That thriving spirit permeated most of Ed's childhood. Despite Dr. Wood's grim prognoses, he survived whooping cough, pneumonia pleurisy and a severe leg burn which nearly resulted in a partial leg amputation.

Neither illness nor injury prevented Ed from living an adventurous and entertaining lifestyle. In the 1950s and '60s, he captained Potlatch's guest boat from the Jewett House. Ed performed in the water ski shows during Coeur d'Alene's Fourth of July festivities. As a teenager, he learned trick ice skating and was offered a tryout with the Ice Capades.

And he loved to snow ski. Ed fondly remembers being among the first downhill skiers in Coeur d'Alene, shared here in his own words.

"When I first started skiing (around age 13 or 14), I got to where I really liked it. I didn't drive yet, so I'd go down and bum a ride with neighbors that skied like the Redmonds. If they didn't have room for me, they'd at least take my skis. And I'd go hitchhike all the way to Lookout (Pass) and ski all day, then hitchhike home and do it again the next day. Once in awhile, (my parents), they'd give me a ride out to the edge of town so I could catch a ride from somebody from Spokane or somebody.

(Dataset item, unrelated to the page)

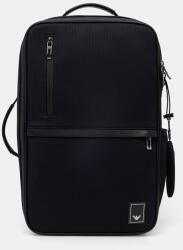 Giorgio Armani Városi hátizsák férfi - sötétkék Univerzális méret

"Lookout was built in 1935 or '36. Just had a rope tow. But I loved to ski and when I got a car, why I always had to get at least three or four kids to go skiin' to pay a dollar to help pay for the gas. My dad had purchased a 1935 Graham and he let me buy it from him. And I fixed it up and drove it skiin'. Then later on I got a Nash. It would go skiin' too.

"In those days, you had to drive up over Yellowstone Trail and then back down to Blue Creek and then back up over and down to Wolf Lodge. It took two hours or better to get to Lookout. But did it every Saturday and Sunday for years during skiing season.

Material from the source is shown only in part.